2025 was for AI what 2010 was for cloud (xpost)

The satellite, experimental technology has become the mainstream, foundational tech. (At least in developer tools.) (xposted from new home)

I was at my very first job, Linden Lab, when EC2 and S3 came out in 2006. We were running Second Life out of three datacenters, where we racked and stacked all the servers ourselves. At the time, we were tangling with a slightly embarrassing data problem in that there was no real way for users to delete objects (the Trash folder was just another folder), and by the time we implemented a delete function, our ability to run garbage collection couldn’t keep up with the rate of asset creation. In desperation, we spun up an experimental project to try using S3 as our asset store. Maybe we could make this Amazon’s problem and buy ourselves some time?
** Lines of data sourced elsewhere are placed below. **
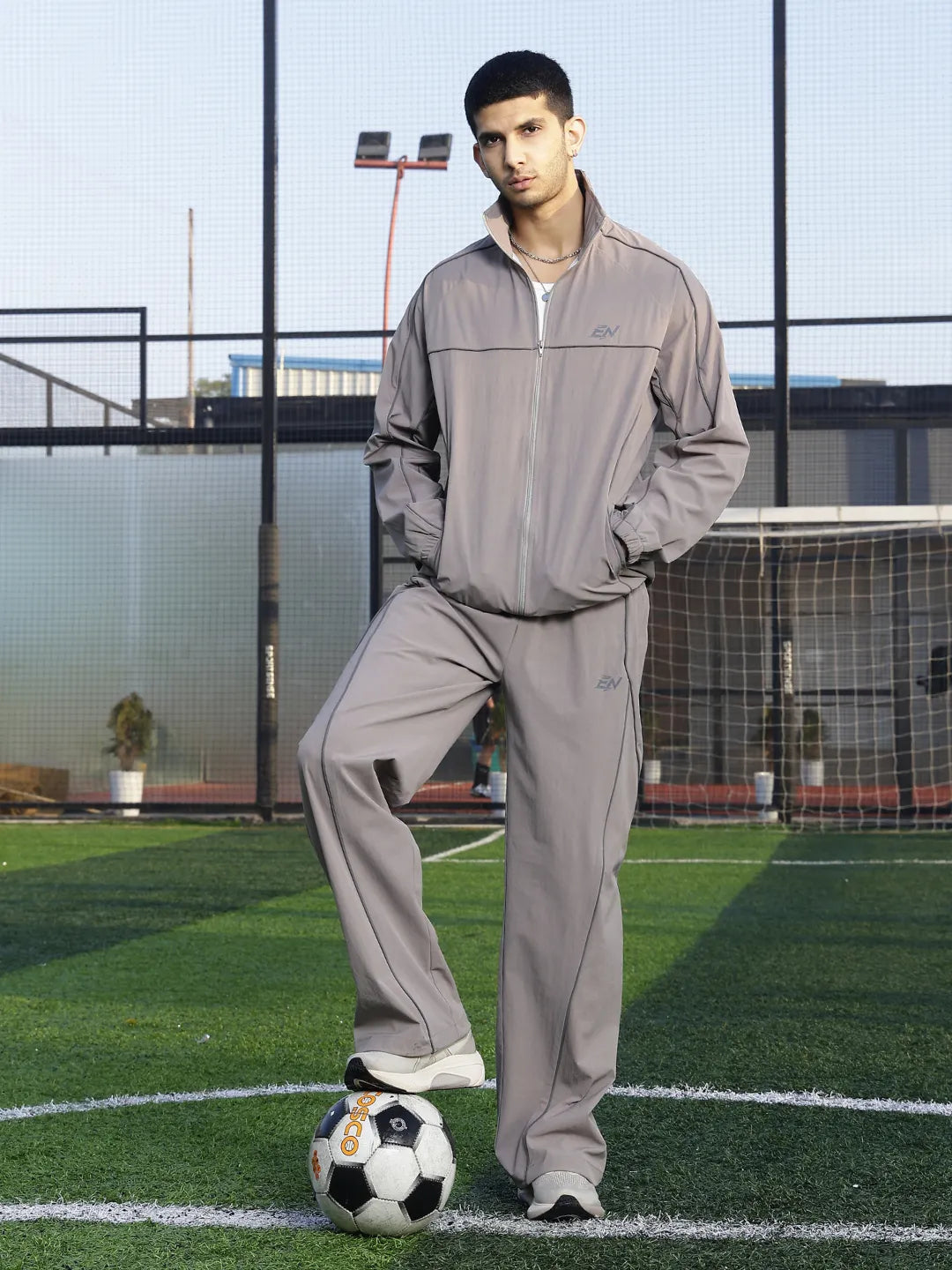 Man in grey tracksuit standing on a soccer field with a soccer ball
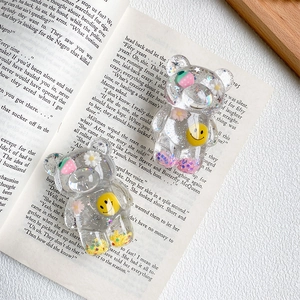 Close-up of bear-shaped phone holders with embedded strawberry and daisy decorations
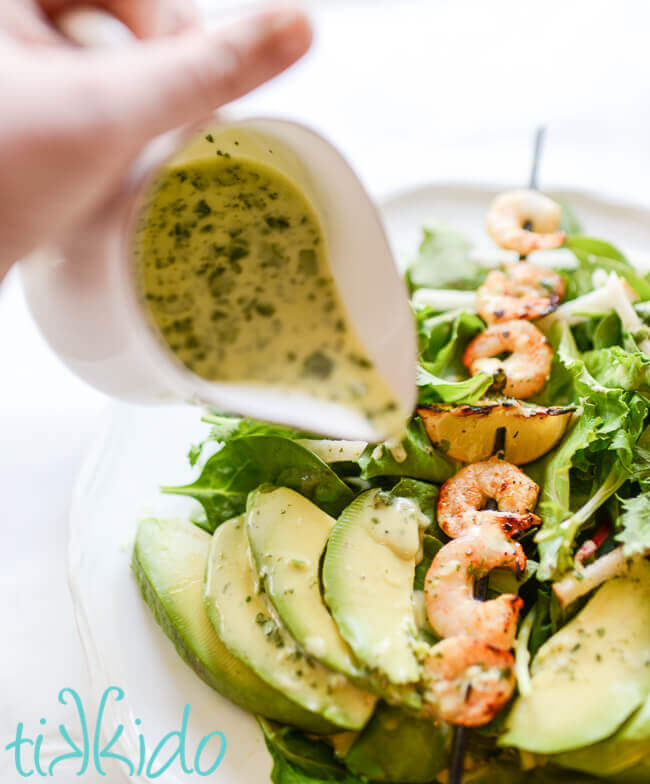 Homemade tequila lime salad dressing being poured on a salad topped with a skewer of grilled shrimp.
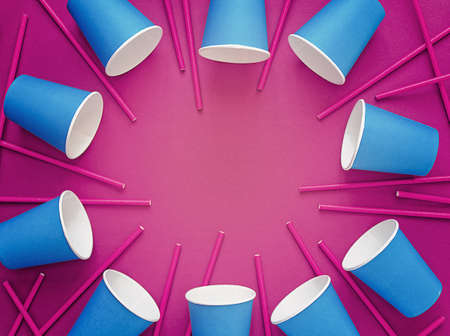 Blue empty paper cups are arranged in a circle on a purple background. Straws are scattered around. Image for celebration, party. Artificial increase in color and noise.の写真素材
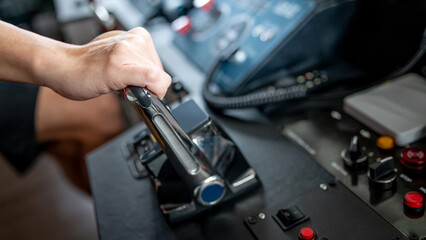 Captain hand holding throttle control or engine control lever on modern boat dashboard in wheelhouse or ship bridge. Speed adjustment instrument for seafaring technology © zephyr_p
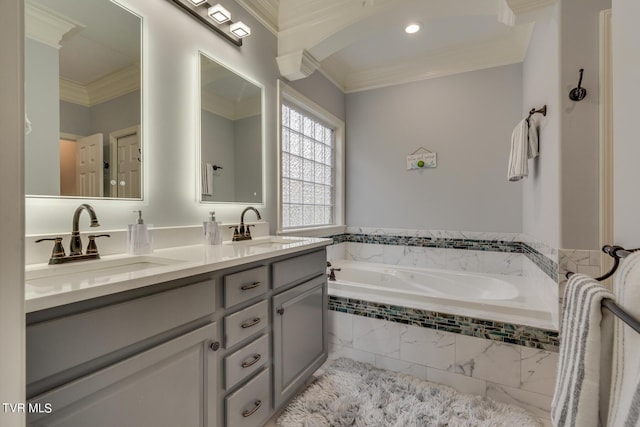 bathroom with vanity, a relaxing tiled tub, and ornamental molding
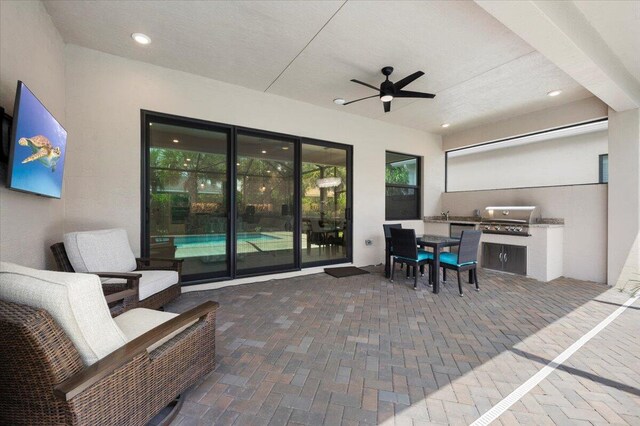 view of patio / terrace with ceiling fan, a grill, and exterior kitchen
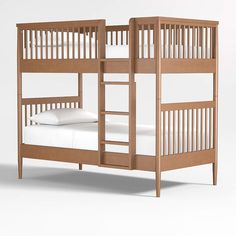 a wooden bunk bed with white sheets and pillows on it's bottom level, against a plain background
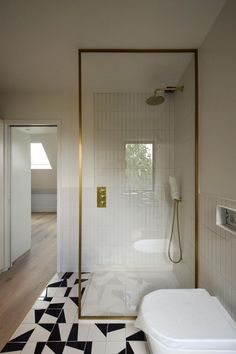 a bathroom with black and white tile flooring next to a walk - in shower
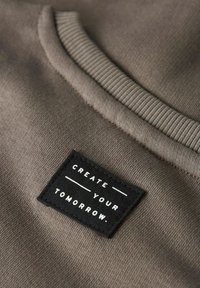 Zbliżenie brązowego materiału z żebrowanym szwem i czarną łatą z napisem "STWÓRZ SWOJE JUTRO" w białym tekście.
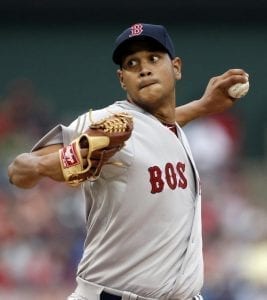 Boston Red Sox starting pitcher Eduardo Rodriguez works against the Texas Rangers during the first inning of a baseball game, Thursday, May 28, 2015, in Arlington, Texas. (AP Photo/Brandon Wade)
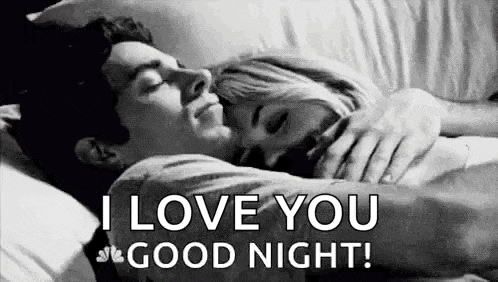a man and a woman are laying in bed hugging each other and the man is saying `` i love you good night '' .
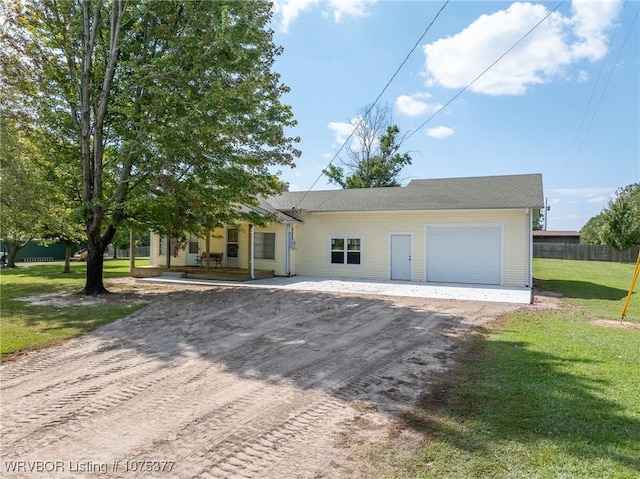 view of front of home featuring a front lawn, a porch, and a garage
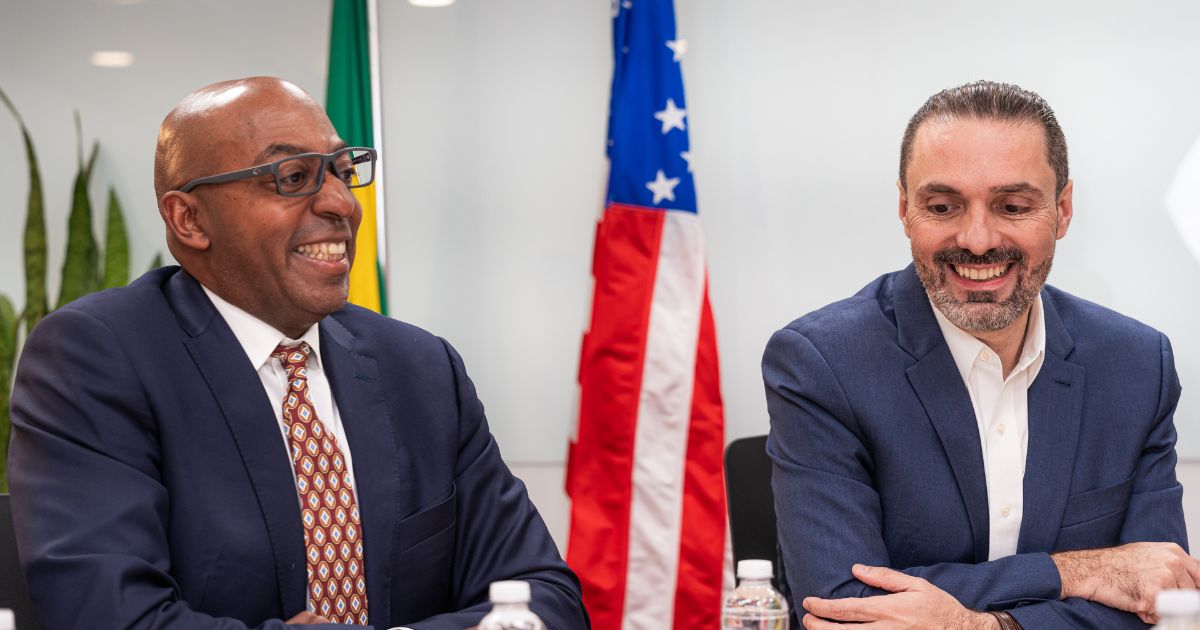 Dois homens bem vestidos, sentados lado a lado numa reunião, sorriem enquanto conversam. Ao fundo, vêem-se as bandeiras do Brasil e dos Estados Unidos, sugerindo um encontro diplomático ou empresarial entre os dois países.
Why yes, we could. Other “experimental” projects sprouted up like weeds: rebuilding server images in the cloud, running tests, storing backups, load testing, dev workstations. Everybody had shit they wanted to do that exceeded our supply of datacenter resources.

By 2010, the center of gravity had shifted. Instead of “mainstream engineering” (datacenters) and “experimental” (cloud), there was “mainstream engineering” (cloud) and “legacy, shut it all down” (datacenters).

Why am I talking about the good old days? Because I have a gray beard and I like to stroke it, child. (Rude.)

And also: it was just eight months ago that Fred Hebert and I were delivering the closing keynote at SRECon. The title is “AIOps: Prove It! An Open Letter to Vendors Selling AI for SREs”, which makes it sound like we’re talking to vendors, but we’re not; we’re talking to our fellow SREs, begging them to engage with AI on the grounds that it’s not ALL hype.

We’re saying to a room of professional technological pessimists that AI needs them to engage. That their realism and attention to risk is more important than ever, but in order for their critique to be relevant and accurate and be heard, it has to be grounded in expertise and knowledge. Nobody cares about the person outside taking potshots.

This talk recently came up in conversation, and it made me realize—with a bit of a shock—how far my position has come since then.

That was just eight months ago, and AI still felt like it was somehow separable, or a satellite of tech mainstream. People would gripe about conferences stacking the lineup with AI sessions, and AI getting shoehorned into every keynote.

I get it. I too love to complain about technology, and this is certainly an industry that has seen its share of hype trains: dotcom, cloud, crypto, blockchain, IoT, web3, metaverse, and on and on. I understand why people are cynical—why some are even actively looking for reasons to believe it’s a mirage.

But for me, this year was for AI what 2010 was for the cloud: the year when AI stopped being satellite, experimental tech and started being the mainstream, foundational technology. At least in the world of developer tools.

It doesn’t mean there isn’t a bubble. Of COURSE there’s a fucking bubble. Cloud was a bubble. The internet was a bubble. Every massive new driver of innovation has come with its own frothy hype wave.

But the existence of froth doesn’t disprove the existence of value.

Maybe y’all have already gotten there, and I’m the laggard. 😉 (Hey, it’s an SRE’s job to mind the rear guard.) But I’m here now, and I’m excited. It’s an exciting time to be a builder.

2025 was for AI what 2010 was for cloud (xpost)

3 thoughts on “2025 was for AI what 2010 was for cloud (xpost)

  1. nobody important. says:

    Well shit. First you move to substack, then you post that “AI assist” in development is something other than slop that introduces errors.

    It was interesting while it lasted. Good luck to you.